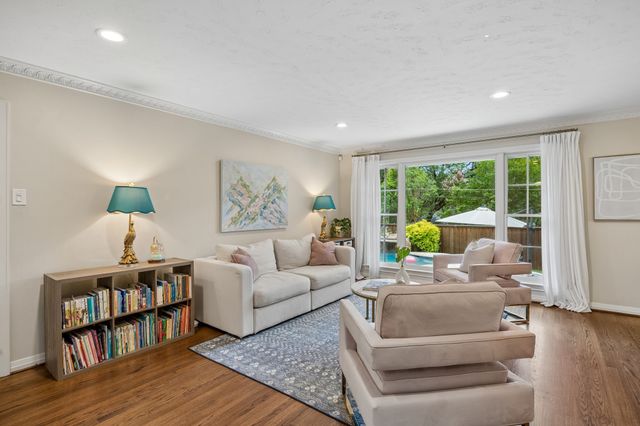 10008 Lakedale Drive, Dallas, TX 75218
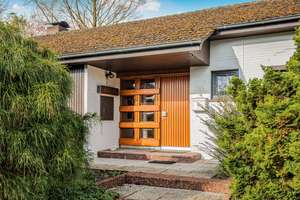Familienfreundliches Zuhause - Stellplätze, Garage, Glasfaseranschluss, saniert und einzugsbereit! – Die vollständige Adresse der Immobilie erhältst du vom Anbieter., 24768 Rendsburg – Vorschaubild 1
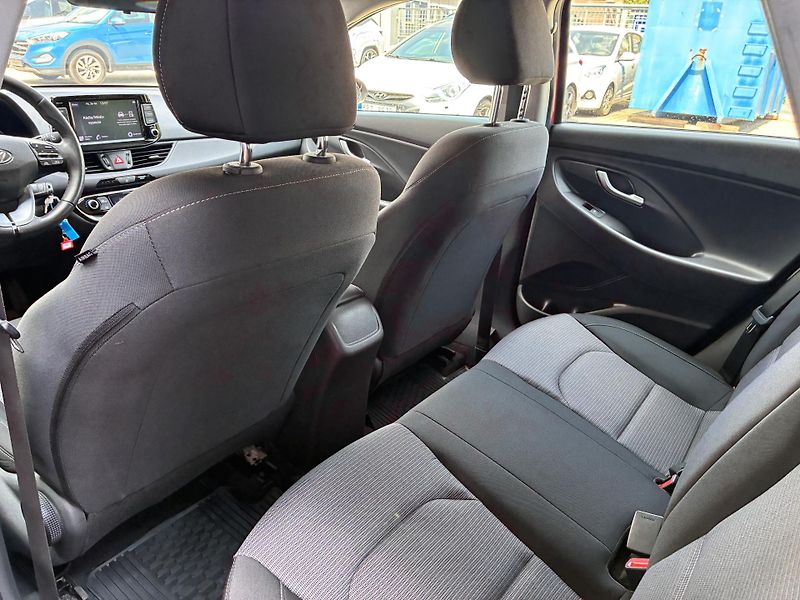 Hyundai i30 1.0T-GDi88kW DIGI KLIMA TAŽNÉ  - fotka 12 z 25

--------------------------------

Leaving out the images, repeat the listing above exactly.

* [WORKED SOLUTION]
 10008 Lakedale Drive, Dallas, TX 75218
Familienfreundliches Zuhause - Stellplätze, Garage, Glasfaseranschluss, saniert und einzugsbereit! – Die vollständige Adresse der Immobilie erhältst du vom Anbieter., 24768 Rendsburg – Vorschaubild 1
 Hyundai i30 1.0T-GDi88kW DIGI KLIMA TAŽNÉ  - fotka 12 z 25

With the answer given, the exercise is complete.